■ **WHAT IS NEEDED**
Reproduce the entries shown below only from the line with "Poin pentingnya tentu" down to the line with "Cachorro raça SRD", keeping both end lines and copying each one exactly.

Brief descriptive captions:
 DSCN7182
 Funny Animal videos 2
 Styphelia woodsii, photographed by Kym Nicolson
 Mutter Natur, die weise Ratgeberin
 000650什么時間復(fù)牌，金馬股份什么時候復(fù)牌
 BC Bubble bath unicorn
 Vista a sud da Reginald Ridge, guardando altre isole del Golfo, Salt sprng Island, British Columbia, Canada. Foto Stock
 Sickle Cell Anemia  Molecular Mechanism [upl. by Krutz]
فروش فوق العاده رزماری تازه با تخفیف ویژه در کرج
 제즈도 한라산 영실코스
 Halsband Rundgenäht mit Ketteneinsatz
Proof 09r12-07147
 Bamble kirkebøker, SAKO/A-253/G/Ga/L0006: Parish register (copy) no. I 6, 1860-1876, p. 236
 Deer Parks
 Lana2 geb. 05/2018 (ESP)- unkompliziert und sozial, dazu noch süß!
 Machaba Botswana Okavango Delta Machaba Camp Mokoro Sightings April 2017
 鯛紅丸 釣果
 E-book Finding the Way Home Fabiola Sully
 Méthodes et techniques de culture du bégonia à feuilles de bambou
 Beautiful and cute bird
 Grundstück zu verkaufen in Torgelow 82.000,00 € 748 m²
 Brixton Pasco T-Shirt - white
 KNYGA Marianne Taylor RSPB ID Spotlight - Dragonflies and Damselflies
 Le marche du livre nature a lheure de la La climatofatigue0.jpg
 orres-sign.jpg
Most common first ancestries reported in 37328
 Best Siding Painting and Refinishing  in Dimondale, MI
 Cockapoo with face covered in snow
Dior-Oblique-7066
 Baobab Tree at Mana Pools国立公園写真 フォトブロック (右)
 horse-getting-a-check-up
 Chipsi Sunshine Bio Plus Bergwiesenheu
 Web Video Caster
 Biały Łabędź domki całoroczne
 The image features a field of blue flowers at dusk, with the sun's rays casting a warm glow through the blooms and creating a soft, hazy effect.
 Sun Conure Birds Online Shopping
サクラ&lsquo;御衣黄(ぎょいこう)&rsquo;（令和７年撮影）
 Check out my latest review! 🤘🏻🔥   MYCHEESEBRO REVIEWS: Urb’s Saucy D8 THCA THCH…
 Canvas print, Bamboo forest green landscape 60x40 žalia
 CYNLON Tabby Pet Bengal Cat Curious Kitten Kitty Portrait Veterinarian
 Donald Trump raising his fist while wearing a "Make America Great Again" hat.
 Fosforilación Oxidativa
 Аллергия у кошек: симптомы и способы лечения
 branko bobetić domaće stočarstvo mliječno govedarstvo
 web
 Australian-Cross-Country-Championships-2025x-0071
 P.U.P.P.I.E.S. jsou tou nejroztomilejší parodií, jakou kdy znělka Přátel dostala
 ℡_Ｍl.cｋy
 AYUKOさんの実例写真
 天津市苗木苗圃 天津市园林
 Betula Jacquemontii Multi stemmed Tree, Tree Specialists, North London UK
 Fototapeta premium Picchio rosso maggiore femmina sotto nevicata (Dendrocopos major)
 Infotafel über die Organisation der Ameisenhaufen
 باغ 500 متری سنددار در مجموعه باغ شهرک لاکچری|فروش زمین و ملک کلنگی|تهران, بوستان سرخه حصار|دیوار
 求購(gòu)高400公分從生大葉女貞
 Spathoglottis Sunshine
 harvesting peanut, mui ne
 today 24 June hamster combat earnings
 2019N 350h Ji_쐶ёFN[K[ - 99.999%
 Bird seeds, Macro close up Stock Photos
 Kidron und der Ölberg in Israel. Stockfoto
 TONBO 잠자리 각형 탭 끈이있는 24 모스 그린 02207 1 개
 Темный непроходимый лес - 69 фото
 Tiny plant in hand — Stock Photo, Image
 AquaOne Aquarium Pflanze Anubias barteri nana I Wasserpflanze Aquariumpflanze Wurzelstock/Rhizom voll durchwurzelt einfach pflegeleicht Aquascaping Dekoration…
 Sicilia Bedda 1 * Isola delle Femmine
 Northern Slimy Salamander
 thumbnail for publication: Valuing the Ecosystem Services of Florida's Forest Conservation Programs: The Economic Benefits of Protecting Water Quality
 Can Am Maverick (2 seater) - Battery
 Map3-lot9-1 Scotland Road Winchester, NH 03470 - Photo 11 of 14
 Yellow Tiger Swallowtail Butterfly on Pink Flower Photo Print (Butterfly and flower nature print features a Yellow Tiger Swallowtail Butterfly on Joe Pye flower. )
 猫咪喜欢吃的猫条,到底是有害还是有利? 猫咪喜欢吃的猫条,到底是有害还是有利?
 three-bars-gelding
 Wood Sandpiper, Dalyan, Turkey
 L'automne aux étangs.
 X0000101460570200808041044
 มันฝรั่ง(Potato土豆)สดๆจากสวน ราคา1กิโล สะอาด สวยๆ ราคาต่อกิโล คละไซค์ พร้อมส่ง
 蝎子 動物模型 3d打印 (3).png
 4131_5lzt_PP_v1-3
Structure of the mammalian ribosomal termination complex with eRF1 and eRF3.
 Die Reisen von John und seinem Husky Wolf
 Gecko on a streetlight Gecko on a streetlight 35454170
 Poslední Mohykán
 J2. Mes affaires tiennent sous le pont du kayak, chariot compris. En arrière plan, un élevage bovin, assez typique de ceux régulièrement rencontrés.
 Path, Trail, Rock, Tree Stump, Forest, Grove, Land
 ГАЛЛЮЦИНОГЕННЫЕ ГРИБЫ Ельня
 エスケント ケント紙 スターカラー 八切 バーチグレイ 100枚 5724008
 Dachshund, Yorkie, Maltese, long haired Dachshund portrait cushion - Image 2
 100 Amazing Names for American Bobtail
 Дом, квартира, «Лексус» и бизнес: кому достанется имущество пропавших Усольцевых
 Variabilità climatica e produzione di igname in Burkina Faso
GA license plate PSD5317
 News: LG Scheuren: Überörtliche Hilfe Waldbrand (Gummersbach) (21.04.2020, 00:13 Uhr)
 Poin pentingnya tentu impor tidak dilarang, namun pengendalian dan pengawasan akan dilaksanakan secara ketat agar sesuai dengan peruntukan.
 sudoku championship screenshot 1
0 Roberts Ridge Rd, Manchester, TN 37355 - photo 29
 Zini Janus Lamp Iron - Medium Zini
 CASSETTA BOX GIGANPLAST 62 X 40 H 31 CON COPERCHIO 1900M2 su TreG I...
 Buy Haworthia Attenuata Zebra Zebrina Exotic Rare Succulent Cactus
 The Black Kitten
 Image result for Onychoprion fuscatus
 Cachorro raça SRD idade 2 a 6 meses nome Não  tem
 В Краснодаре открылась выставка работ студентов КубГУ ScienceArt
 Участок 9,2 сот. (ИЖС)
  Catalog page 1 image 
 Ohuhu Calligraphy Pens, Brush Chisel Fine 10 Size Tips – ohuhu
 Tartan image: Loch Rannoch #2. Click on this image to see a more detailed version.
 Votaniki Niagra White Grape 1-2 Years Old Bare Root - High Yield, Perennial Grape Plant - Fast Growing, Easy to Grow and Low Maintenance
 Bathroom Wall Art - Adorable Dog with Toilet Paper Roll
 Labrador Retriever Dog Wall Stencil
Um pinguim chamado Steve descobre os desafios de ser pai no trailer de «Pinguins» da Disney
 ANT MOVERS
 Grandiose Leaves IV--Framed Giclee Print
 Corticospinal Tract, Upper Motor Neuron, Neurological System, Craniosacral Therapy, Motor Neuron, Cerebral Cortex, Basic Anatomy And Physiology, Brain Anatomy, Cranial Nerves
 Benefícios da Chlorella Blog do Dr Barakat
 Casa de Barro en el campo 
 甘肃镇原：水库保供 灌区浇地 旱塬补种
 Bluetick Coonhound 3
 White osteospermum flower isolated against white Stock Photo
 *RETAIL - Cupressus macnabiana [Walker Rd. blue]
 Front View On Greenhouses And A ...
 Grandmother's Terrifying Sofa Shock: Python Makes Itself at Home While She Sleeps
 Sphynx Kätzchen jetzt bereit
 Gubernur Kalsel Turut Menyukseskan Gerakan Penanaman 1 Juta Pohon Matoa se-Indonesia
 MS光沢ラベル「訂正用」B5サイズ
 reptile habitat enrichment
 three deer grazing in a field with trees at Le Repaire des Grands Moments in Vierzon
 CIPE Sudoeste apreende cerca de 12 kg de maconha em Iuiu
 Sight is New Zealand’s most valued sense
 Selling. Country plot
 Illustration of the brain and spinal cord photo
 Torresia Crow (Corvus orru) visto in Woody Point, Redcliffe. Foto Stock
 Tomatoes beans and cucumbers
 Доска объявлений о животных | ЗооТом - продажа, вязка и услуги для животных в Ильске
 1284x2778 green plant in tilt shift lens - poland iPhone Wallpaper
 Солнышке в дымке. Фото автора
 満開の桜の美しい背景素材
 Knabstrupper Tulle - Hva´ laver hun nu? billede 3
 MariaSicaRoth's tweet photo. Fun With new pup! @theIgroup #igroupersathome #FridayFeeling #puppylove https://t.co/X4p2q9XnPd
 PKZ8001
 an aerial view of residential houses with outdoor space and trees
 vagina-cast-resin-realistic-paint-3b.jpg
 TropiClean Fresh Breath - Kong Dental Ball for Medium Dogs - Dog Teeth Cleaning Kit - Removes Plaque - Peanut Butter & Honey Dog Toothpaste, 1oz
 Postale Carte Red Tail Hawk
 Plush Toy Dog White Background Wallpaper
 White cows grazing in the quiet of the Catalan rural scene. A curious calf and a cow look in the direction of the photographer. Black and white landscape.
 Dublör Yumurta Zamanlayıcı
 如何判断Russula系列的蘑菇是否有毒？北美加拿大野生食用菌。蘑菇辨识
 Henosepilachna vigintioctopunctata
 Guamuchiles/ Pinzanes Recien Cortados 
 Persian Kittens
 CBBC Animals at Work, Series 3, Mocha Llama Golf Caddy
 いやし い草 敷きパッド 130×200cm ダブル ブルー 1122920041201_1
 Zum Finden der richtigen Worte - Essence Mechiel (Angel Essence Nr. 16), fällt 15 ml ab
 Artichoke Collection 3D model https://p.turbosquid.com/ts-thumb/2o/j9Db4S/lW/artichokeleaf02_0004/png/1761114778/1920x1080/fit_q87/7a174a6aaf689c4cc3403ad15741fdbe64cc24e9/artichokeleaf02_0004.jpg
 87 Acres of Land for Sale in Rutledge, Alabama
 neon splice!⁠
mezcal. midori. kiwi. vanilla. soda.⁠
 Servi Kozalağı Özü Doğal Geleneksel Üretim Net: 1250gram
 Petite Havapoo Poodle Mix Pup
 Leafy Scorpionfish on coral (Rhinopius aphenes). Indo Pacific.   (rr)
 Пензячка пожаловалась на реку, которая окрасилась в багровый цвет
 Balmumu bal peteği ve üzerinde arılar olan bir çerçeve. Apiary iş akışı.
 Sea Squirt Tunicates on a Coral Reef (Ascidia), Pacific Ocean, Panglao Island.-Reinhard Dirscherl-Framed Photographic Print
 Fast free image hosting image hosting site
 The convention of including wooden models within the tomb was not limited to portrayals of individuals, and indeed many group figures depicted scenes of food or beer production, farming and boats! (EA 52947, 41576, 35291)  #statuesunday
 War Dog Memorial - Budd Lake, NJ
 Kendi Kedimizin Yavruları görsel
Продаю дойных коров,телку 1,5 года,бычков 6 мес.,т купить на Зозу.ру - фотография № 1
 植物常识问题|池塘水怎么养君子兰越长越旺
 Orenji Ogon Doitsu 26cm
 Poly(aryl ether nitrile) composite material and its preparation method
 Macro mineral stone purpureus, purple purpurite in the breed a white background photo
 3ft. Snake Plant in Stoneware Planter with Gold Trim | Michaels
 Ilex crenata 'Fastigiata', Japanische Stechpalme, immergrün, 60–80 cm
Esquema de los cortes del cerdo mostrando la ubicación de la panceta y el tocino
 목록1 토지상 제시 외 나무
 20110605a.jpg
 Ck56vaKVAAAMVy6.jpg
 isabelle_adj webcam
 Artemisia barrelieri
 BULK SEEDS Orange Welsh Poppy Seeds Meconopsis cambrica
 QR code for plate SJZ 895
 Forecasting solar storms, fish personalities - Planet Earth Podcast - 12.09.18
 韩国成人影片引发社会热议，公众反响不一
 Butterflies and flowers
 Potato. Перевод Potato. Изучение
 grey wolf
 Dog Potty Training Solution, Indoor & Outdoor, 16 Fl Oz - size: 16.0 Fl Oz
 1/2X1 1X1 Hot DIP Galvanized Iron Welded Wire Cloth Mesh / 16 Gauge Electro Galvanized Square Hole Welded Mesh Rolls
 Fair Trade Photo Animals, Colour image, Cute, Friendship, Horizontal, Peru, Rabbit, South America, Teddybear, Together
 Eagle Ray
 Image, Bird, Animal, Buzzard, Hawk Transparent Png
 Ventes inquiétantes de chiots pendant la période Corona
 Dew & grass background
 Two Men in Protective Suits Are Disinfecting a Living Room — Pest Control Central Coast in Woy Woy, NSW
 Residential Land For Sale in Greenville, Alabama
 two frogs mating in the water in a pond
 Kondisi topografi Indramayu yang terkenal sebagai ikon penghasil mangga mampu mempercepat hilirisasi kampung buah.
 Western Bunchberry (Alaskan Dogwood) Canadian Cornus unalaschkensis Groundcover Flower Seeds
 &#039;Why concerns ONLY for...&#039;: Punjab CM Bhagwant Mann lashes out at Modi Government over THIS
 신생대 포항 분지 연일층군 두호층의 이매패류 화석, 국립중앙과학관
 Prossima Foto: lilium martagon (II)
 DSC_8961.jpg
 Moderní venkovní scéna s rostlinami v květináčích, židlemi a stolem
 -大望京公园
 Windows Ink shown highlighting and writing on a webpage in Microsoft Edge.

■ **OUTPUT**
 Poin pentingnya tentu impor tidak dilarang, namun pengendalian dan pengawasan akan dilaksanakan secara ketat agar sesuai dengan peruntukan.
 sudoku championship screenshot 1
0 Roberts Ridge Rd, Manchester, TN 37355 - photo 29
 Zini Janus Lamp Iron - Medium Zini
 CASSETTA BOX GIGANPLAST 62 X 40 H 31 CON COPERCHIO 1900M2 su TreG I...
 Buy Haworthia Attenuata Zebra Zebrina Exotic Rare Succulent Cactus
 The Black Kitten
 Image result for Onychoprion fuscatus
 Cachorro raça SRD idade 2 a 6 meses nome Não  tem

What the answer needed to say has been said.